Python Style Guide

This guide documents Python coding conventions that go beyond what ruff and clint can enforce. The practices below require human judgment to implement correctly and improve code readability, maintainability, and testability across the MLflow codebase.

Avoid Redundant Docstrings

Omit docstrings that merely repeat the function name or provide no additional value. Function names should be self-documenting.

# Bad
def calculate_sum(a: int, b: int) -> int:
    """Calculate sum"""
    return a + b


# Good
def calculate_sum(a: int, b: int) -> int:
    return a + b

Prefer `typing.Literal` for Fixed-String Parameters

When a parameter only accepts a fixed set of string values, use typing.Literal instead of a plain str type hint. This improves type-checking, enables IDE autocompletion, and documents allowed values at the type level.

# Bad
def f(app: str) -> None:
    """
    Args:
        app: Application type. Either "fastapi" or "flask".
    """
    ...


# Good
from typing import Literal


def f(app: Literal["fastapi", "flask"]) -> None:
    """
    Args:
        app: Application type. Either "fastapi" or "flask".
    """
    ...

Minimize Try-Catch Block Scope

Wrap only the specific operations that can raise exceptions. Keep safe operations outside the try block to improve debugging and avoid masking unexpected errors.

# Bad
try:
    never_fails()
    can_fail()
except ...:
    handle_error()

# Good
never_fails()
try:
    can_fail()
except ...:
    handle_error()

Use Dataclasses Instead of Complex Tuples

Replace tuples with 3+ elements with named dataclasses. This improves code clarity, prevents positional argument errors, and enables type checking on individual fields.

# Bad
def get_user() -> tuple[str, int, str]:
    return "Alice", 30, "Engineer"


# Good
from dataclasses import dataclass


@dataclass
class User:
    name: str
    age: int
    occupation: str


def get_user() -> User:
    return User(name="Alice", age=30, occupation="Engineer")

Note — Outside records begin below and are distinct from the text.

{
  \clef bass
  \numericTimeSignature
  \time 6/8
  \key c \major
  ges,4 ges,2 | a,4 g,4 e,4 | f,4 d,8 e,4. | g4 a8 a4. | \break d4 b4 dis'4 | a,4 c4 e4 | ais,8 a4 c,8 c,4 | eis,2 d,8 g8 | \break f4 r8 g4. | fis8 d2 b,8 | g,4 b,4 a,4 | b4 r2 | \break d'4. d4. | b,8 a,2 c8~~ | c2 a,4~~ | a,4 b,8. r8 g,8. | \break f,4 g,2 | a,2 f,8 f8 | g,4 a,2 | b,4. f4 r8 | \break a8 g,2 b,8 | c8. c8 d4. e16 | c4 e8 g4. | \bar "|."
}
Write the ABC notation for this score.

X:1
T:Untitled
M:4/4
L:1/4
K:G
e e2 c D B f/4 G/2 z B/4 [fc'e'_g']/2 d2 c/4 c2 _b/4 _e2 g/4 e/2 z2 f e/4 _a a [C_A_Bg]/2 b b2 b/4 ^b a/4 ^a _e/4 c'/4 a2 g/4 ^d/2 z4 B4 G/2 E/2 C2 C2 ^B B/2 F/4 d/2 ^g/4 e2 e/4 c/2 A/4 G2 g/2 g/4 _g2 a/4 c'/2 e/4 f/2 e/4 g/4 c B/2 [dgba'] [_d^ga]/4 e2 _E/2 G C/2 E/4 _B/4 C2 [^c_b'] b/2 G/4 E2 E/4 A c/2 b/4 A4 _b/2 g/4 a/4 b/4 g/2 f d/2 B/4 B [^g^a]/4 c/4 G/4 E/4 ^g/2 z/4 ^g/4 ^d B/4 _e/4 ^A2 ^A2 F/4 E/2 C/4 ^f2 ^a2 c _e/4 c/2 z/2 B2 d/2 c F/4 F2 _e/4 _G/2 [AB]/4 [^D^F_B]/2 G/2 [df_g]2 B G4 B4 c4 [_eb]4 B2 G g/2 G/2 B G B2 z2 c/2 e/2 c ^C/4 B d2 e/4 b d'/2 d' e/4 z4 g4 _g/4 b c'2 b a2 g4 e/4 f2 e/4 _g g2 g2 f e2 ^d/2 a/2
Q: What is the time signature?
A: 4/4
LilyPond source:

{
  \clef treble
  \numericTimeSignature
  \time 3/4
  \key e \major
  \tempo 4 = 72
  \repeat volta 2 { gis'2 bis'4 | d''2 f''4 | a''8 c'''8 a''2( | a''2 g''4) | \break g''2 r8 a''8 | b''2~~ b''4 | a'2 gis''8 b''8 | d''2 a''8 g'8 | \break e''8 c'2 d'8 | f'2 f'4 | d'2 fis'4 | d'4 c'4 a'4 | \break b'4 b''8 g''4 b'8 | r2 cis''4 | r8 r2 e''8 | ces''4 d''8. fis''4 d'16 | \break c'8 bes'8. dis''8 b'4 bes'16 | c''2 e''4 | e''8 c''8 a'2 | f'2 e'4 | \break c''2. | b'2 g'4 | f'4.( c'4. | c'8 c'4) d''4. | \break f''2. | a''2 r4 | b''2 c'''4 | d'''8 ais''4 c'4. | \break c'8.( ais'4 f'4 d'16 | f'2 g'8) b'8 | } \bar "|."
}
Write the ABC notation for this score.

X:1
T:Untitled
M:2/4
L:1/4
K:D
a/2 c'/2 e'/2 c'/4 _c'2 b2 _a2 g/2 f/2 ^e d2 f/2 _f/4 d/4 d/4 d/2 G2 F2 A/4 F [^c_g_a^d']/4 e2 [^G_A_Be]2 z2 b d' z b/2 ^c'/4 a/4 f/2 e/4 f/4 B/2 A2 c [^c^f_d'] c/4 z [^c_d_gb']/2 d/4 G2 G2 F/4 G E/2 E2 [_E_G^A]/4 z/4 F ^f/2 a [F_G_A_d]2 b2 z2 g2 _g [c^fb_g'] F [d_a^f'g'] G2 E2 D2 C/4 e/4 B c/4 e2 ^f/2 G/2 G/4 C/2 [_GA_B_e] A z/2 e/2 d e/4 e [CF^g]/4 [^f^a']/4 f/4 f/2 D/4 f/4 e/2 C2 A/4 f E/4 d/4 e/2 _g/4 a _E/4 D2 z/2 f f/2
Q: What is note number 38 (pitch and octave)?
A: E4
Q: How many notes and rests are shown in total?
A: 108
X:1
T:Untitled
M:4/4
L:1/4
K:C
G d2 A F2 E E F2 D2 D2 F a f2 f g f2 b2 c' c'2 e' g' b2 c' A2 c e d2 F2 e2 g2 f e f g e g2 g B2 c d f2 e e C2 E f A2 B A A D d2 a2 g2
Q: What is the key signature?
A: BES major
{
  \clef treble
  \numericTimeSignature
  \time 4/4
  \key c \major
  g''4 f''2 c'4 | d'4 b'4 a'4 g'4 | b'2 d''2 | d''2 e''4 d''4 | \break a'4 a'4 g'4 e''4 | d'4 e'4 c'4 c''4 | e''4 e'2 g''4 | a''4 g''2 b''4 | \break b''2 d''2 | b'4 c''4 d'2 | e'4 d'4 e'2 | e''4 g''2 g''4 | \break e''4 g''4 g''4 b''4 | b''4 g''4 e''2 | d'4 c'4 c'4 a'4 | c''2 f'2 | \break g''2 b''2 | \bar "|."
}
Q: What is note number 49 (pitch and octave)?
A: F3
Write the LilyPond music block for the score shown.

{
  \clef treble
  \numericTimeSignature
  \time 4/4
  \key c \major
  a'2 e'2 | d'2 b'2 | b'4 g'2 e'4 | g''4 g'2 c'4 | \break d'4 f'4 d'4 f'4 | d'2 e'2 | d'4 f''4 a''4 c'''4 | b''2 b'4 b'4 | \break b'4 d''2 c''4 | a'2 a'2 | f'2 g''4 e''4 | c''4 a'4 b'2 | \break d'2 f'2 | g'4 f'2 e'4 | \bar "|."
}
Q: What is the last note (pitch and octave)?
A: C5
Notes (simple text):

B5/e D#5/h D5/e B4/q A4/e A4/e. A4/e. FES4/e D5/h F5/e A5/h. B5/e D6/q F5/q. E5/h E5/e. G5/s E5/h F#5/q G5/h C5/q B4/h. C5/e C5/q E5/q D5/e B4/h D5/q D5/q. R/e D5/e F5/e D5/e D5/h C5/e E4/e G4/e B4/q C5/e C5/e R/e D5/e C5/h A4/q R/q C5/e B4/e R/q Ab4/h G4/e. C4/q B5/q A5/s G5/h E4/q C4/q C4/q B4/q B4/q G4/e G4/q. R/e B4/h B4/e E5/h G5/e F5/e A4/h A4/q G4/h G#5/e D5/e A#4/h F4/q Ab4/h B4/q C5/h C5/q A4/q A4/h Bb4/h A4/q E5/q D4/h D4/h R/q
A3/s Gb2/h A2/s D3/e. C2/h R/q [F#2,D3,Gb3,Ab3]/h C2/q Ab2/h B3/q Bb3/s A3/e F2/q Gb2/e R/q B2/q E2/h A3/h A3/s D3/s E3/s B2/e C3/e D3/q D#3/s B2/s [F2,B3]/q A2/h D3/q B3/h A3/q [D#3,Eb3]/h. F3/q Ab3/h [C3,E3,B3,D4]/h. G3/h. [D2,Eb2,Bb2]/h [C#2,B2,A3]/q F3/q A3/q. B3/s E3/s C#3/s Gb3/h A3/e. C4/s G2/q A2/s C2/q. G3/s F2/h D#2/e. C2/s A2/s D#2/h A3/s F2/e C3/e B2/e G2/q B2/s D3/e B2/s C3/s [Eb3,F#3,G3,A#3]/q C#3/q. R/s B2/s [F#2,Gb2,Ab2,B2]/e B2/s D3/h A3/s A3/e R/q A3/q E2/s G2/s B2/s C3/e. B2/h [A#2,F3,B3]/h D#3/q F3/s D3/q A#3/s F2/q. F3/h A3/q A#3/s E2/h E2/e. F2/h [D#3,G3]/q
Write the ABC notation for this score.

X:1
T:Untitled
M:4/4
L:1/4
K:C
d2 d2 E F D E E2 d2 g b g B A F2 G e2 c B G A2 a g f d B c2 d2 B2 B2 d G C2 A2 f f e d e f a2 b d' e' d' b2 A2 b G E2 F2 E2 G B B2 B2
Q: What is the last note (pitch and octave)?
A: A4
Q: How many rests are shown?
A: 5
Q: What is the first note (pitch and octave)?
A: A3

Use `pathlib` Methods Instead of `os` Module Functions

When you have a pathlib.Path object, use its built-in methods instead of os module functions. This is more readable, type-safe, and follows object-oriented principles.

from pathlib import Path

path = Path("some/file.txt")

# Bad
import os

os.path.exists(path)
os.remove(path)

# Good
path.exists()
path.unlink()

Pass `pathlib.Path` Objects Directly to `subprocess`

Avoid converting pathlib.Path objects to strings when passing them to subprocess functions. Modern Python (3.8+) accepts Path objects directly, making the code cleaner and more type-safe.

import subprocess
from pathlib import Path

path = Path("some/script.py")

# Bad
subprocess.check_call(["foo", "bar", str(path)])

# Good
subprocess.check_call(["foo", "bar", path])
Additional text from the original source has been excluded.